The move enflamed tensions in the precarious and remote region. It promised conflict with the region's threatened Indigenous Peoples, particularly the Munduruku people, one of the largest surviving Amazonian tribes, whose territories and communities span much of the Tapajós basin – and Brazil got it.
“The auction that was scheduled created a huge outrage from Public Prosecutors, indigenous, traditional populations, and [the] civil society side,” Amazon Watch’ Brazil Program Coordinator Maira Irigaray told Indian Country Today Media Network. “Two days later it got postponed for next year because the Minister of Mines and Energy said that the indigenous component needed some work.
According to Irigaray, “All the dam complexes for the region being planned are a great disaster.”
Irigaray said that a press release had announced that technicians analyzing the project claimed it was not viable from indigenous perspectives. However the document itself does say that, Irigaray said.
“In fact it says the dam is viable if proper mitigation measures are in place,” Irigaray said. “They even propose that indigenous people be removed from their lands so the dam can be built, which is disrespecting completely the Brazilian Constitutional rights.”
Another issue is that the study was made without a single consultation nor was the presence of the anthropologist in any of the affected areas, Irigaray said.
“Right now, some of our NGO partners and Public Prosecutors are in Munduruku [territory] promoting a ‘consultation’ training, to support them to truly understand how consultation should take place and to help them build their own document, determining how they want to be consulted. There is definitely much more to come from that.
“The Munduruku are very well informed and won't go down without a fight,” Irigaray said.
The announcement of the São Luiz do Tapajós dam auction came after escalating controversy over the ambitious Amazon dam-building plans of President Dilma Rousseff’s government, according to an Amazon Watch statement.
Recent mega-dam projects - Belo Monte on the Xingu River, and Santo Antônio and Jirau on the Madeira river – have been plagued by major construction delays and massive cost overruns, as well as serious socio-environmental impacts that have been left largely unmitigated by dam-builders, according to Amazon Watch. Suspicions of corruption within the dam industry have been heightened by a recent scandal involving Minister of Mines and Energy Edison Lobão, accused with grafting kickbacks from the state oil company Petrobras, which he oversees.
"In cases such as São Luiz do Tapajós, political decisions regarding which new dams will be built are based solely on the criteria of maximizing energy generation, without consulting Indigenous Peoples and before studies on the socio-environmental impacts and economic viability of projects have been completed,” noted Brent Millikan from International Rivers in the statement. “Moreover, there’s a chronic tendency for technical studies commissioned by dam proponents to seriously underestimate or simply ignore major social and environmental impacts and risks.

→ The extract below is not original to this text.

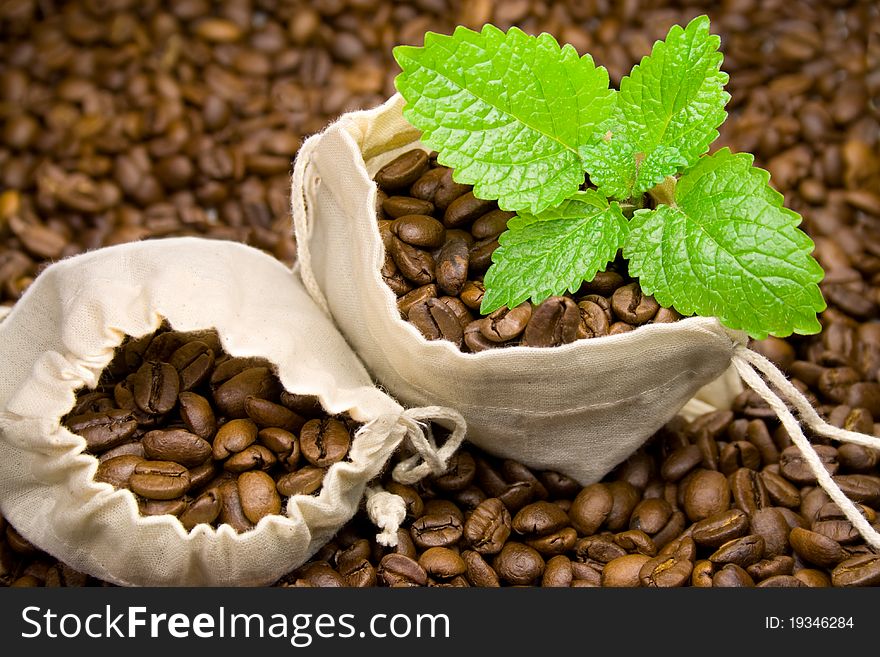 Coffee and herbs in bags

“The São Luiz do Tapajós is the largest of seven large dams slated for construction on the mainstream of the Tapajós and one of its tributaries, Rio Jamanxim,” Millikan said. “Dozens of other large and medium-sized dams are also planned on the Teles Pires and Juruena rivers, major tributaries of the Tapajós, three of which are already under construction. The majority of the projects would directly affect Indigenous Peoples and their territories, as well as other protected areas, including national parks and national forests.”
Since mid-2012, bands of Munduruku warriors, together with women and children, occupied the Belo Monte dam site on two occasions, protesting the Brazilian government's plans to build similar destructive dam projects on the territories in the Tapajós, according to Amazon Watch.

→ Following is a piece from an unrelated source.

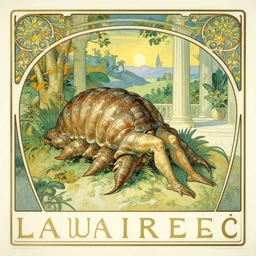 trilobite demigod resting in palace art nouveau poster, rudolf hammel landscape, philippe druillet illustration, la libre esthetique poster, louis clermont lithograph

Tensions intensified in late 2012 when the Brazilian federal police shot and killed a member of the Munduruku tribe during a raid on wildcat placer mining, perceived as a form of intimidation aimed at reducing indigenous resistance to the dam projects.

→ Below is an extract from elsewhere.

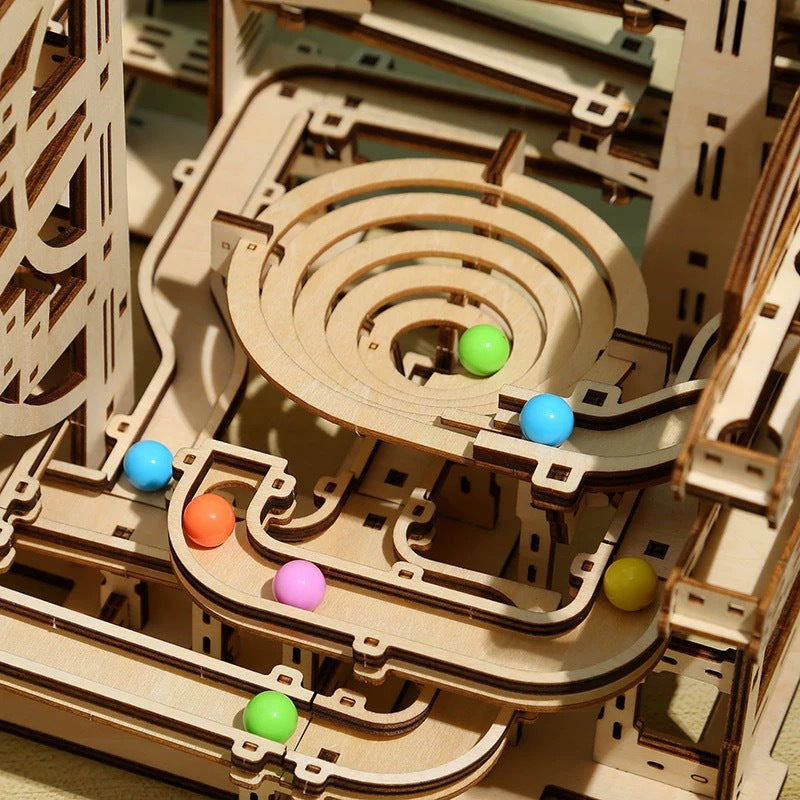 Puzzvo 3D Marble Maze - Wooden Track Board Game - Product Image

In mid-2013, when the Munduruku refused to allow technical teams conducting dam studies to enter their territories, Brazilian President Rousseff ordered the federal police and national guard to serve as their escorts, escalating tensions in this remote corner of the Amazon. Another source of tension has been the Brazilian government's refusal to demarcate areas occupied by the Munduruku people, such as Sawre Muybu, that would be directly flooded by the São Luiz do Tapajós dam.